Repeat the following entries exactly, excluding pictures.
[[ Information supplied, beginning ]]
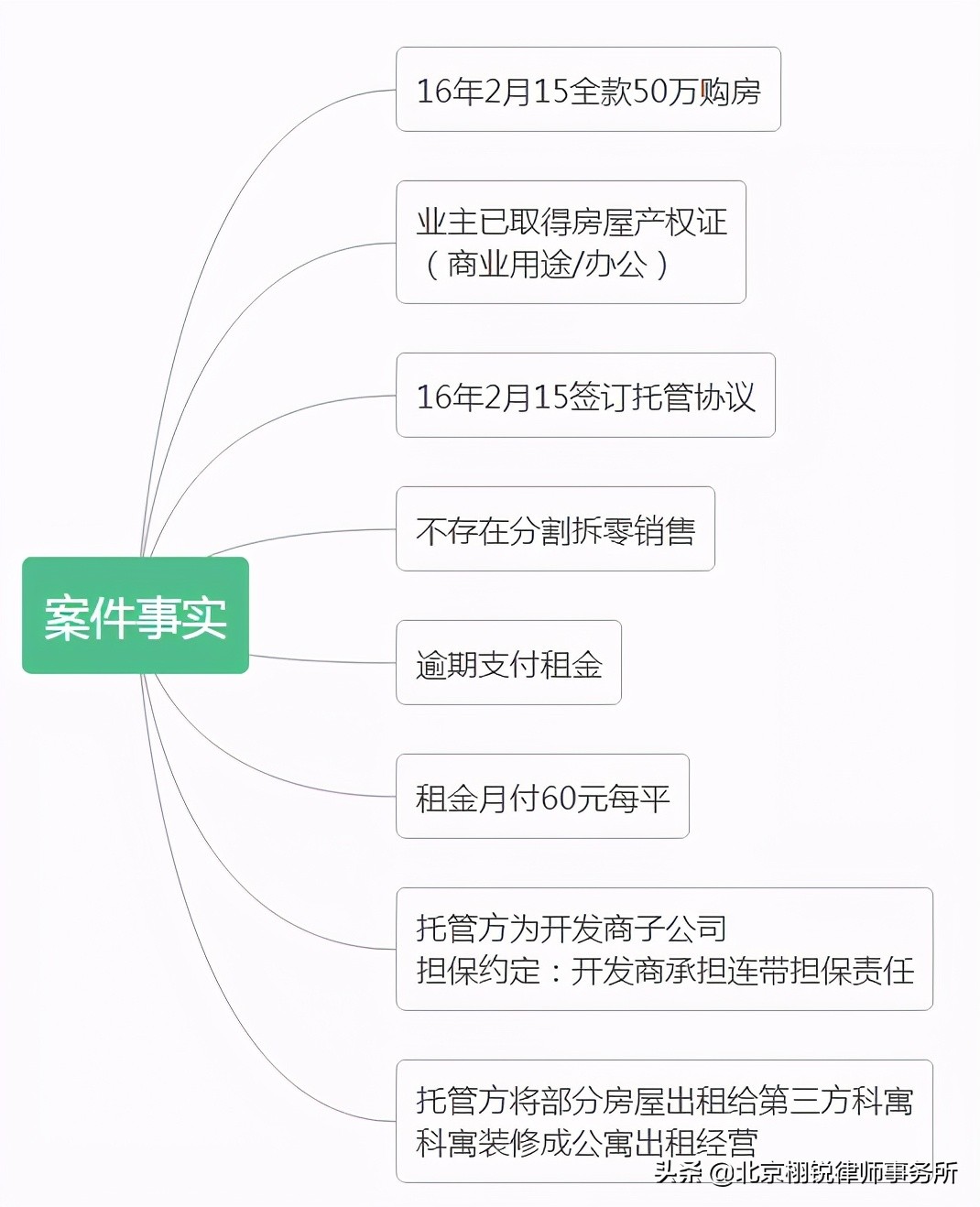 商铺包租违约怎么打官司,商铺包租拿不到租金怎么办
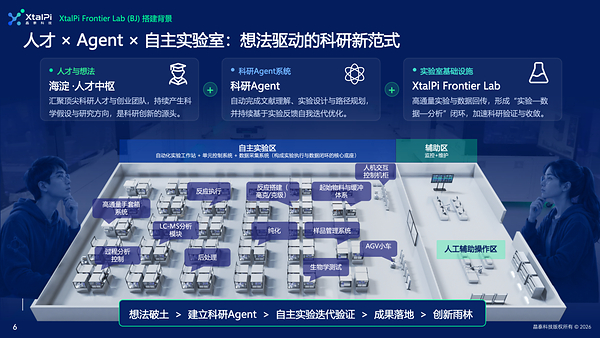 晶泰科技4家孵化企业荣获HICOOL 2026全球创业大奖，AI4S底层平台持续驱动源头创新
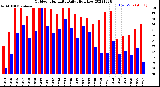 Milwaukee Weather Outdoor Humidity<br>Daily High/Low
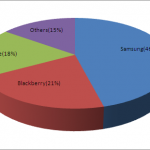 tablet sales in India tablet sales in India
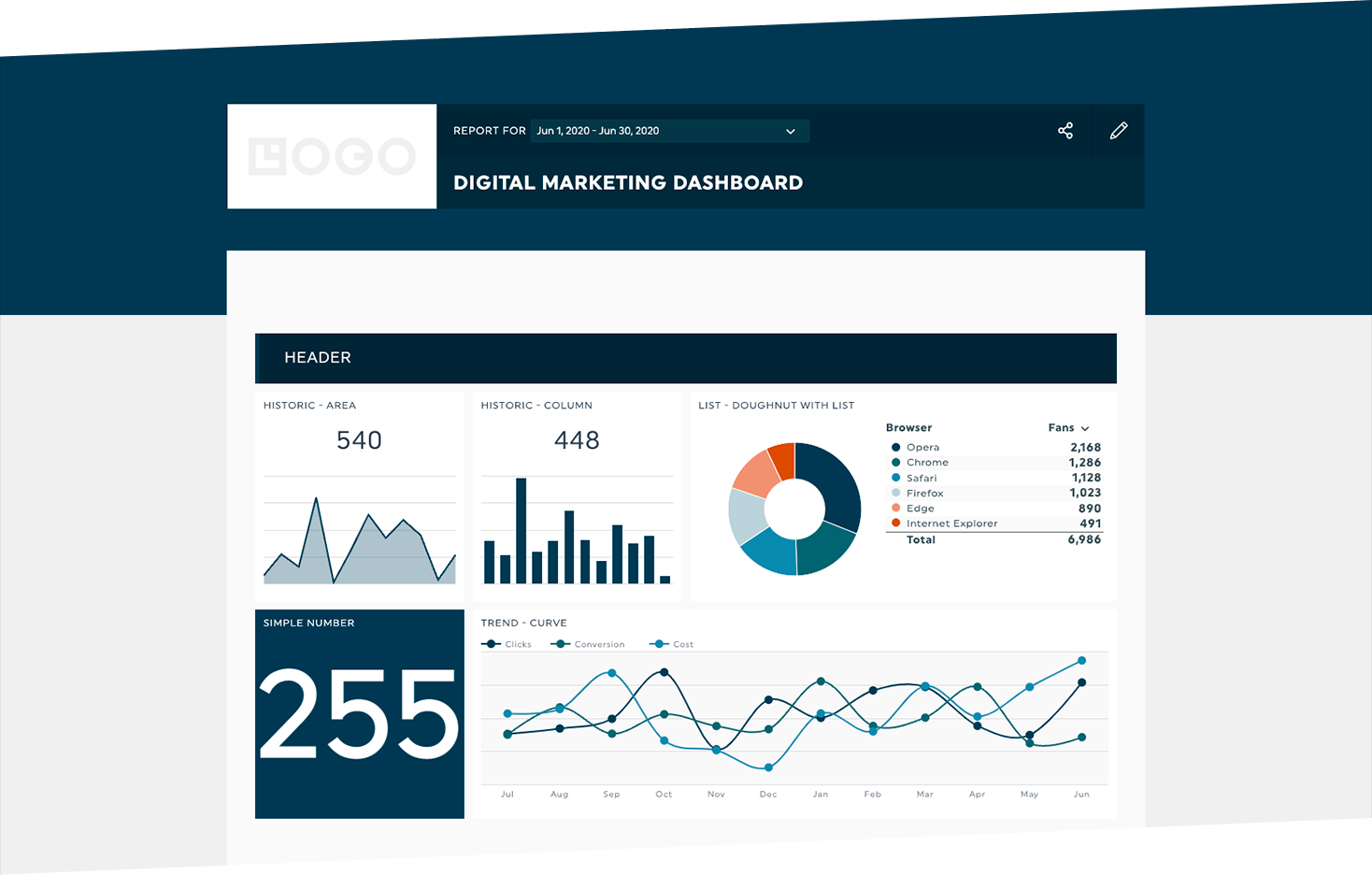 White Lable okr-Agentur Dashboard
[[ Information supplied, end ]]
**Response below:**
 商铺包租违约怎么打官司,商铺包租拿不到租金怎么办
 晶泰科技4家孵化企业荣获HICOOL 2026全球创业大奖，AI4S底层平台持续驱动源头创新
 Milwaukee Weather Outdoor Humidity<br>Daily High/Low
 tablet sales in India tablet sales in India
 White Lable okr-Agentur Dashboard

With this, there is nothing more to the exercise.